The cost of living crisis continues to affect the retail sector as discretionary spending is particularly hard hit, and household budgets continue to be squeezed. The recent announcement of a further increase to the energy price cap in January will do little to persuade consumers to part with their hard earned cash, so until inflation drops to more manageable levels, it is likely that investors in this sector will continue to exercise caution.
Rising prices on non-discretionary expenditure, including groceries, have prompted many consumers to reassess their shopping habits, and increased visitor footfall has been noted at all major supermarkets this year. This increase is believed to be prompted by consumers attempting to better manage their budgets with more regular, smaller shops, rather than opting for the online grocery delivery services which became popular in the wake of the COVID-19 pandemic.
This is the predominant reason why Lidl and Aldi are prioritising their estate expansion plans, placing supermarket development projects at the head of the retail construction project leaderboard for the coming years.

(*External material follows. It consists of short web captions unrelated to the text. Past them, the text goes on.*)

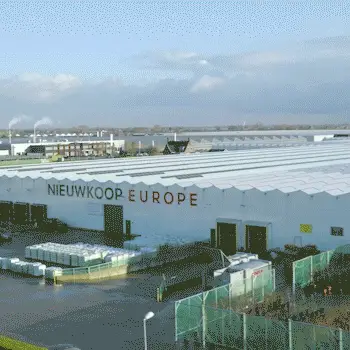 gif over Nieuwkoop Europe nieuw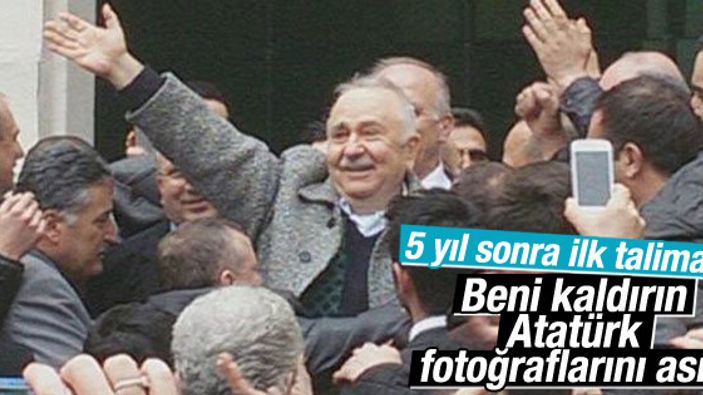 Bedrettin Dalan Türkiye'ye döndü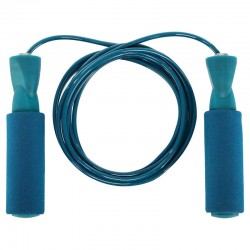 Скакалка швидкісна з підшипниками FitGo 2800 мм, пляшковий, код: FI-0783_T Скакалка швидкісна з підшипниками FitGo 2800 мм, пляшковий, код: FI-0783_T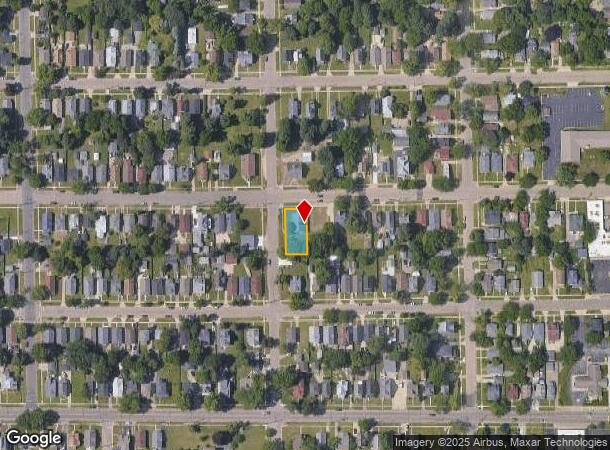  85 Bidwell St W, Battle Creek, MI Parcel Map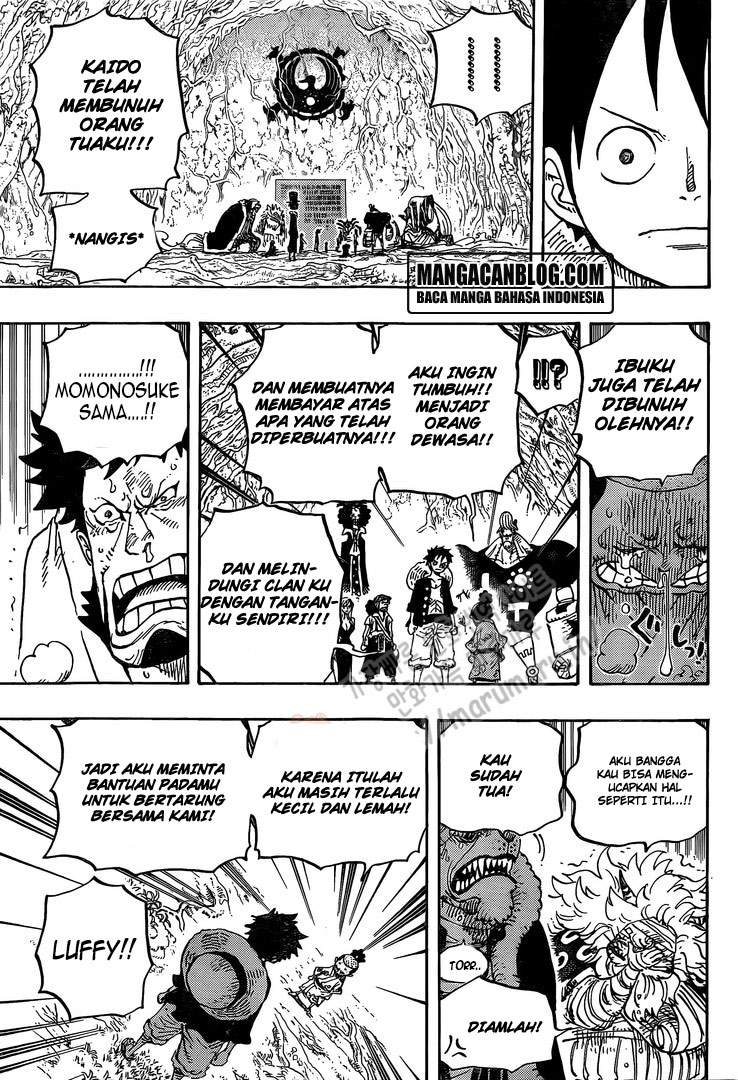 One Piece Chapter 819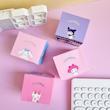 استیکر نوت رولی شفاف شاین دار Sanrio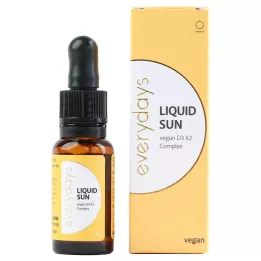 EVERDAYS Huile solaire liquide vegan D3+K2, 20 ml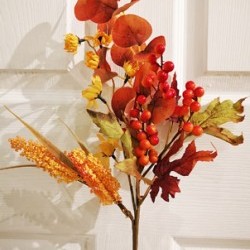 18IN FALL LEAF SPRAY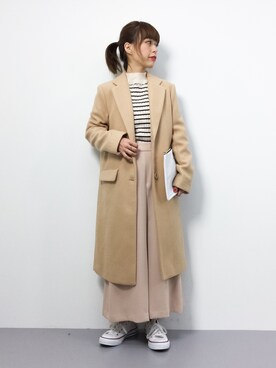 saya☺︎さん（レディース・149cm）の冬コーディネート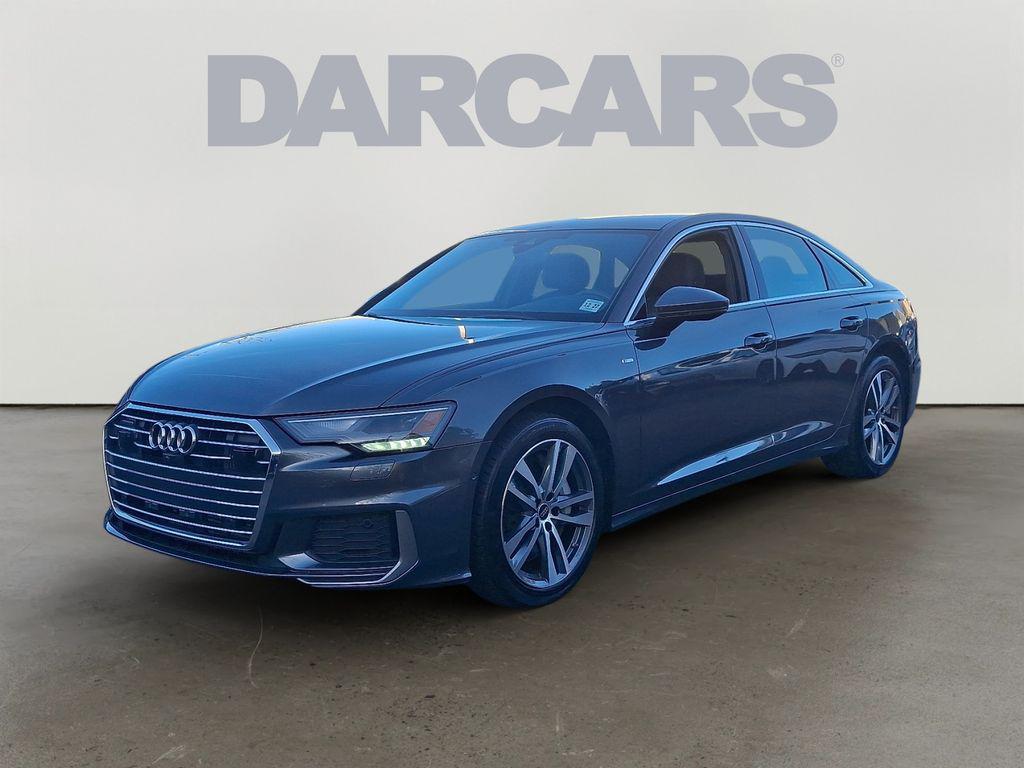 used 2023 Audi A6 car, priced at $37,300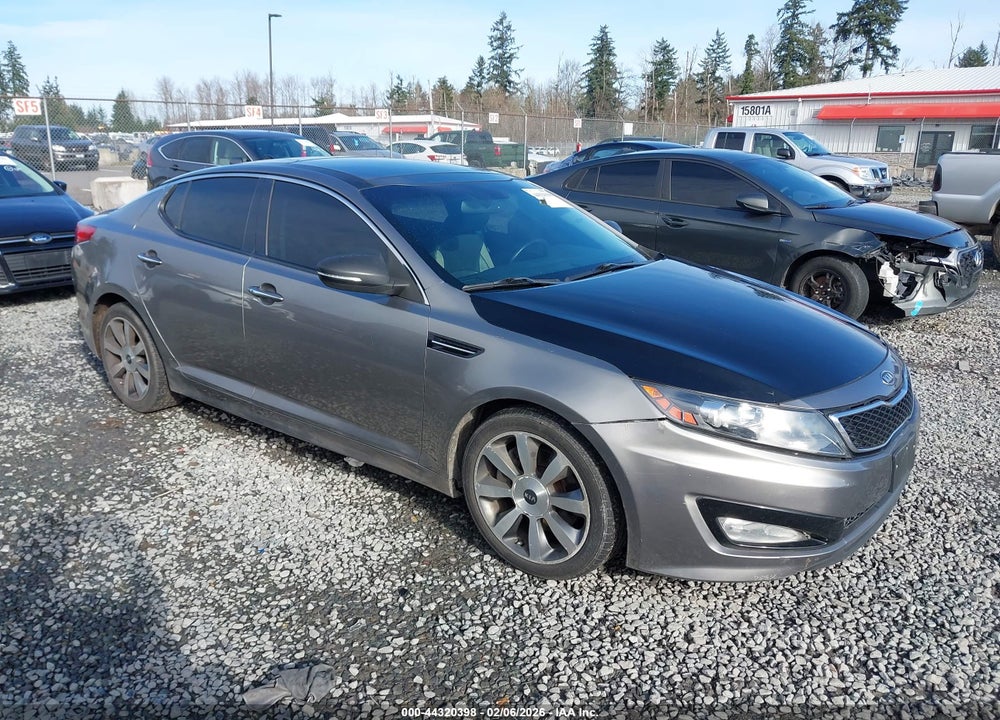 2012 KIA OPTIMA SX VIN: 5XXGR4A68CG024080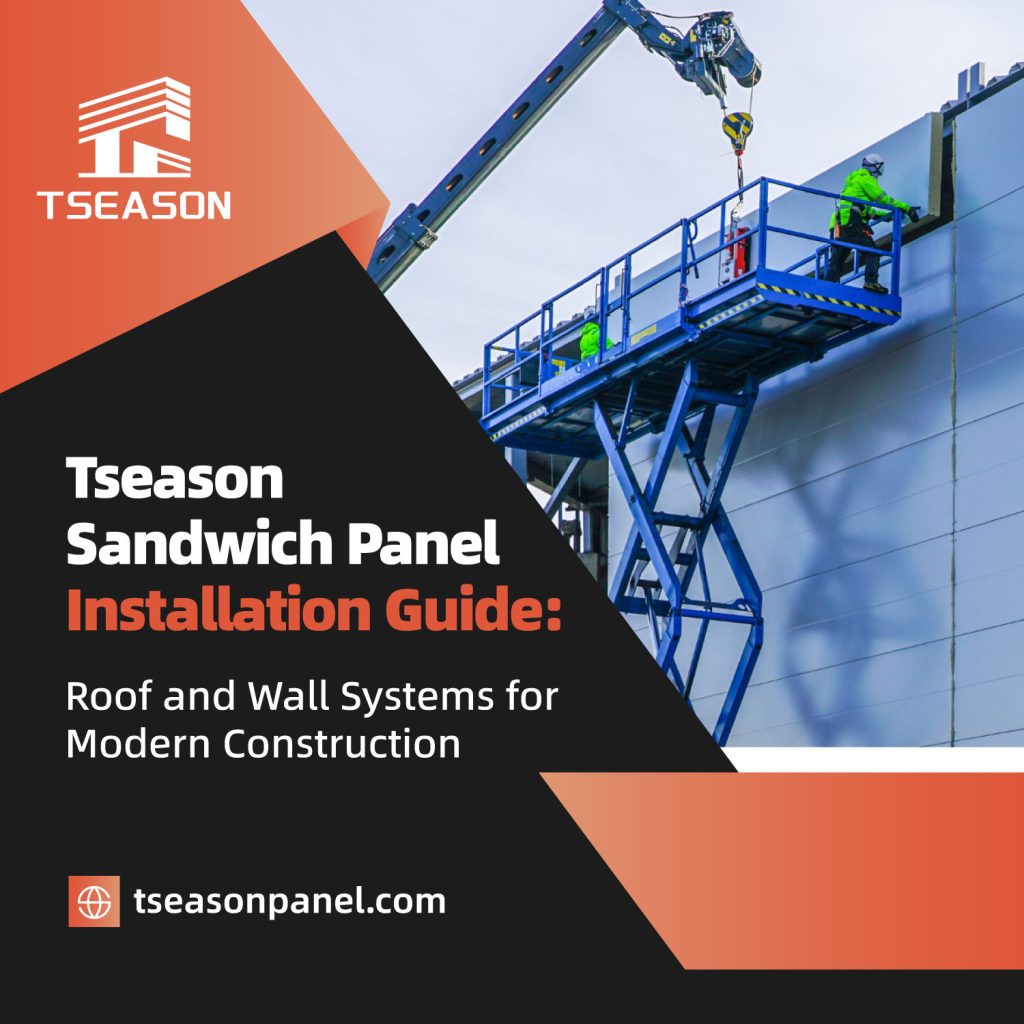 Sandwich Panel Installation Guide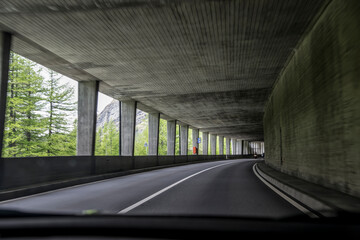 road tunnel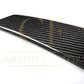 V Style Pre-Preg Carbon Fibre Boot Spoiler for BMW 3 Series E93 Convertible inc M3 07-13-Carbon Factory
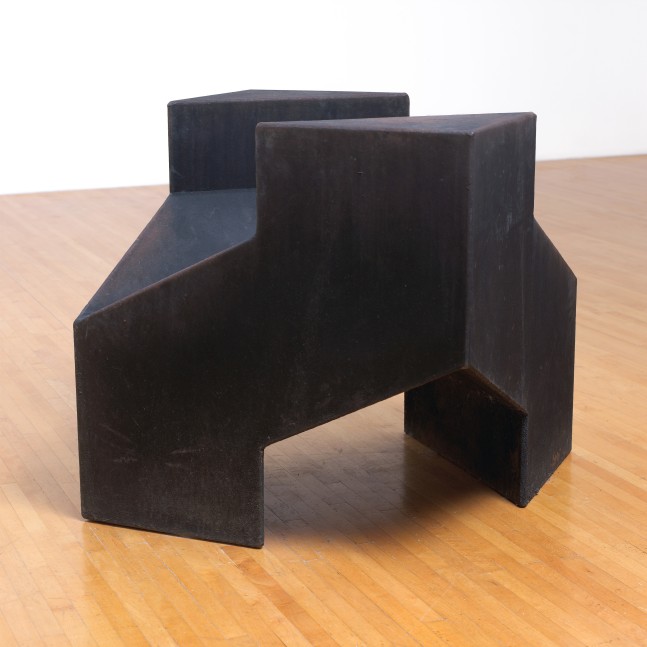 Steel, oiled finish
301&amp;frasl;2&amp;nbsp;&amp;times; 421&amp;frasl;2&amp;nbsp;&amp;times; 423&amp;frasl;4 in. (77.5 &amp;times; 108 &amp;times; 108.6 cm), edition AP
The Museum of Contemporary Art, Los Angeles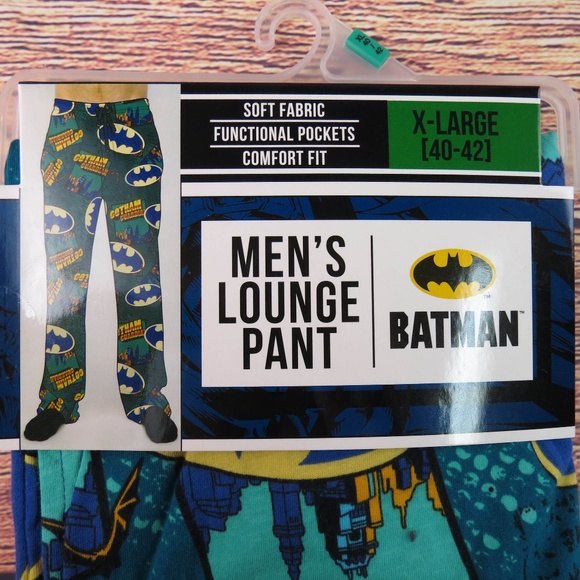 Bioworld Men's Lounge Pant Batman Gotham Guardian - Picture 3 of 7
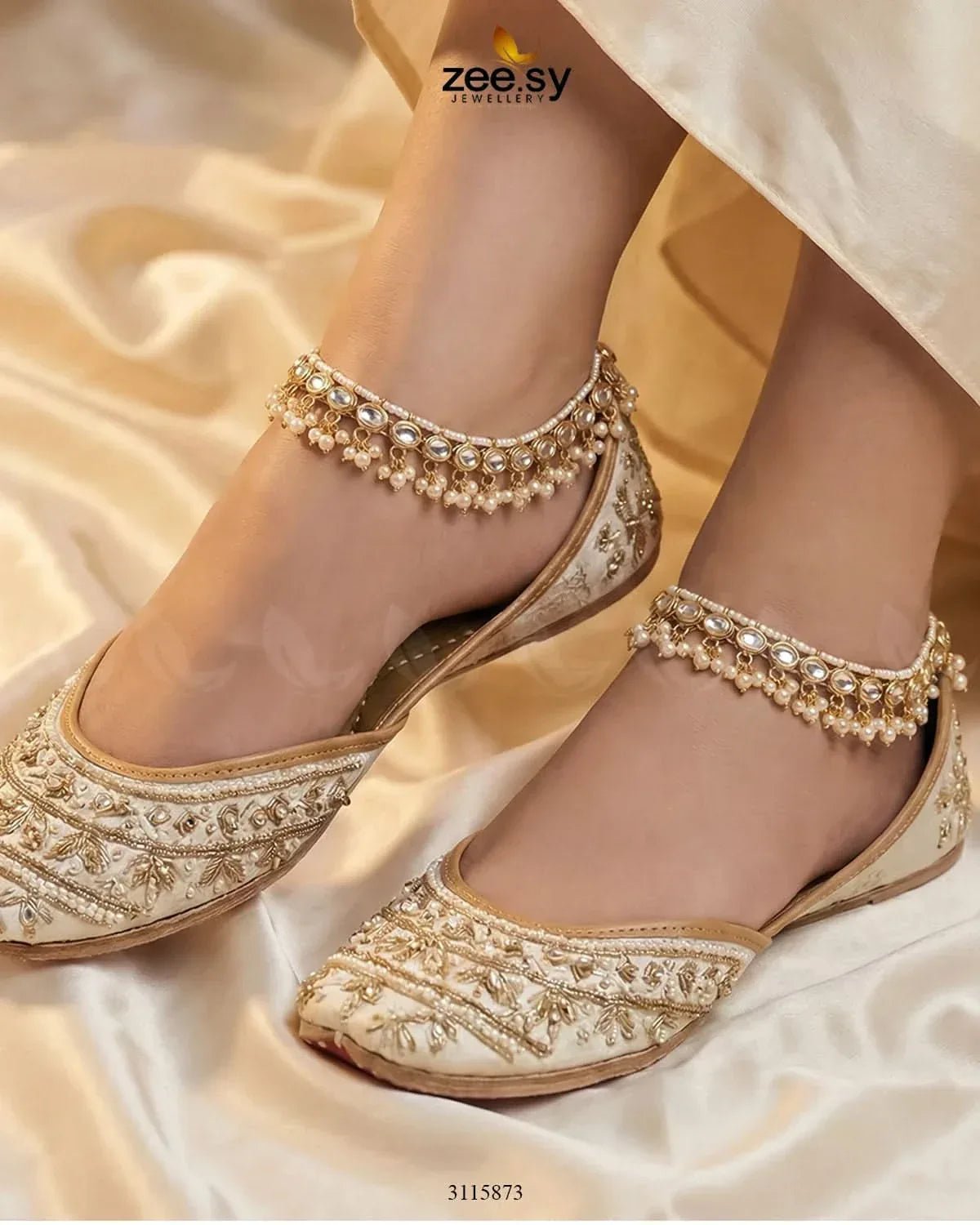 Sorano Anklets Anklets - Zeesy Jewellery Pakistan | Premium Artificial & Imitation Jewellery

Office capital values were impacted by the sudden increase in interest rates, causing investors to retreat from this area, creating a 26% decline in office project starts this year. Vacancy rates continue to climb, and occupants' changing needs mean that structural changes are often required to existing infrastructure to satisfy the needs of hybrid workers.
It is speculated that almost half of London's workers are on a hybrid working arrangement, and with the cost of office rentals in the capital representing a significant financial investment, many building owners are being driven to rationalise or repurpose their space to maximise the value of their investment.
At the same time as London's office market is being hit by reduced footfall, positive news abounds from other cities such as Manchester and Leeds, whose development pipeline continues to grow as businesses look to increase their long-term resilience through remodelling and creating collaborative workspaces. Activity of this type is expected to drive much of the sector's growth next year.
Tenants and occupiers are increasingly conscious of their environmental footprint, so refit projects which incorporate energy efficiency technologies and renewable energy solutions will continue to be in high demand over the coming year, requiring talented professionals with experience in this domain to support future projects and plans.
Also driving the need for increased energy efficiency is the recent change to legislation, which mandates that let office accommodation must achieve a minimum Band E EPC rating. It is likely that further updates will require that this be updated to a minimum of Band B by the end of the decade so refurbishment and retrofit projects will be required to modernise existing infrastructure or convert it to alternative uses.
In conclusion, our Work Space team is navigating a challenging operating environment, but prospects exist for the construction sector to flourish, should construction companies and contractors consider the long-term viability of their plans and implement appropriate risk mitigation activities early.